Laura se arrodilló y el monaguillo hizo sonar la campana. «Aunque sea, —se dijo—, prestaré atención al momento de la consagración de la eucaristía», y no volvió a dirigir la mirada hacia la columna de la izquierda.

CAPÍTULO II.

El ministro de guerra y marina

Laura Escalante entró en la sala con el andar majestuoso de una reina. Como en cortejo, la seguían sus abuelos, sus tías, su madre y María Pancha. Aunque la misa había terminado a las cinco en punto, los saludos en el atrio habían durado más de lo previsto. Eran las seis y media de la tarde y, en menos de tres horas, los invitados a la cena comenzarían a llegar. La familia, sin pronunciar palabra, se encaminó hacia los interiores para aprestarse.

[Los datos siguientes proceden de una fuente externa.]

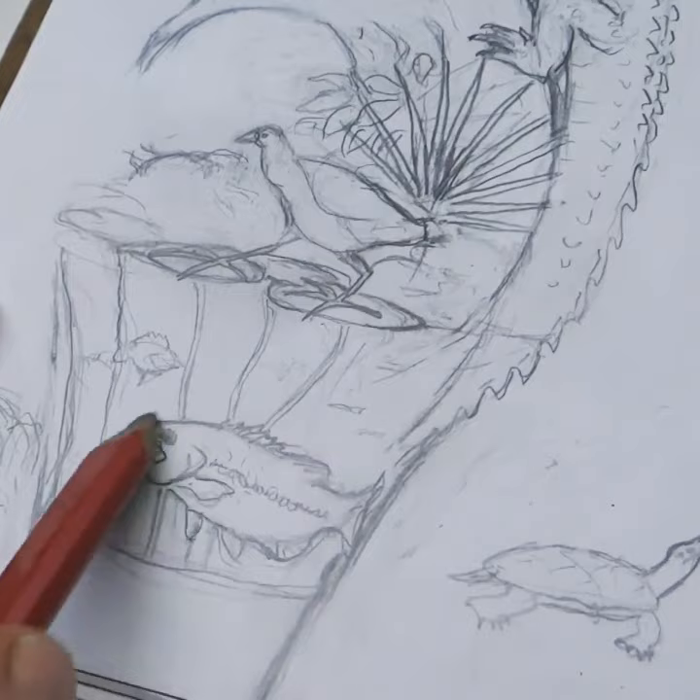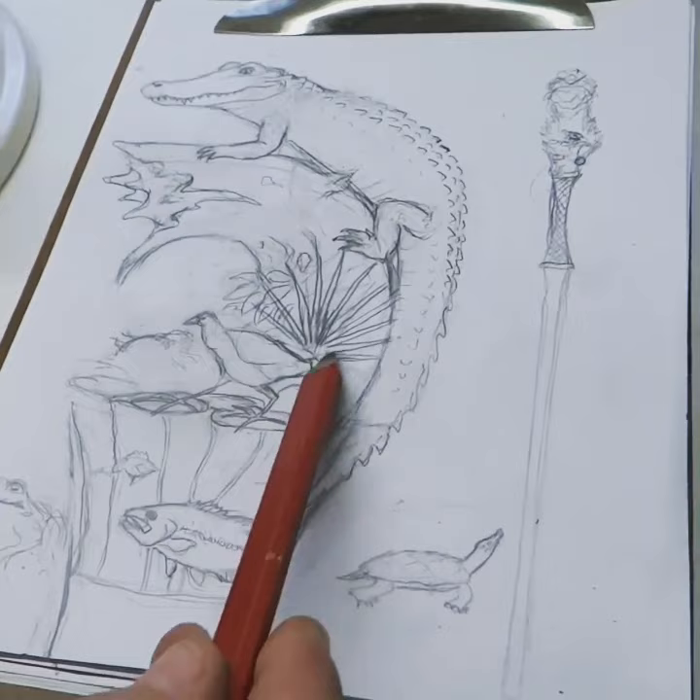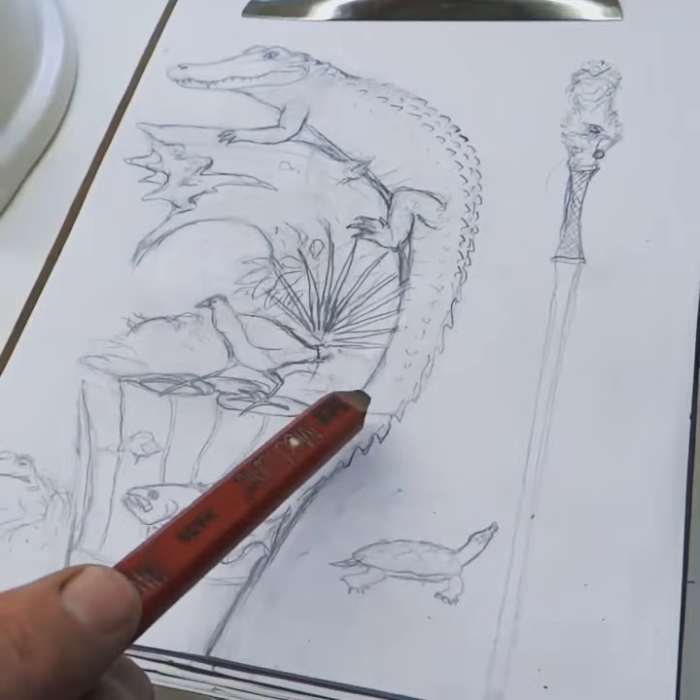And then down here I can do a big old bass and a bluegill. Sometimes you get an idea like this and it's something you want to do — you just got to go ahead and do it and take your time. This is going to take a lot of time, even though the foliage in here will take a lot of time to do.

María Pancha siguió a Laura hasta su habitación. A pesar de que, entre domésticas, cocineras, lavanderas, cocheros y jardineros, la casa de la Santísima Trinidad contaba con una docena de sirvientes, María Pancha se encargaba personalmente de Laura, de su ropa, de su baño, de la limpieza de su habitación, de cada aspecto y detalle de su vida. Del arreglo y cuidado de su cabello, de eso se ocupaba especialmente, porque desde hacía algunos años se había convertido en el desvelo de su niña. Nunca lo había llevado tan largo, abundante, saludable y luminoso. Antes de lavárselo con los jabones y afeites en los que Laura gastaba fortunas en las tiendas de ultramarinos, María Pancha dedicaba media hora para masajearle las puntas con aceite de almendras; se lo enjuagaba sólo con agua de lluvia que recogía del aljibe y con la que preparaba té de manzanilla, que le preservaba el rubio dorado; cada tanto, lo hacía con vinagrillo, que lo volvía esplendente. Luego de secarlo al sol, María Pancha se lo tronchaba en dos partes; con una hacía una trenza pequeña que le enroscaba en torno a la coronilla y, con la otra, una gruesa y compacta como la jarcia de un barco, que le colgaba más allá de la cintura.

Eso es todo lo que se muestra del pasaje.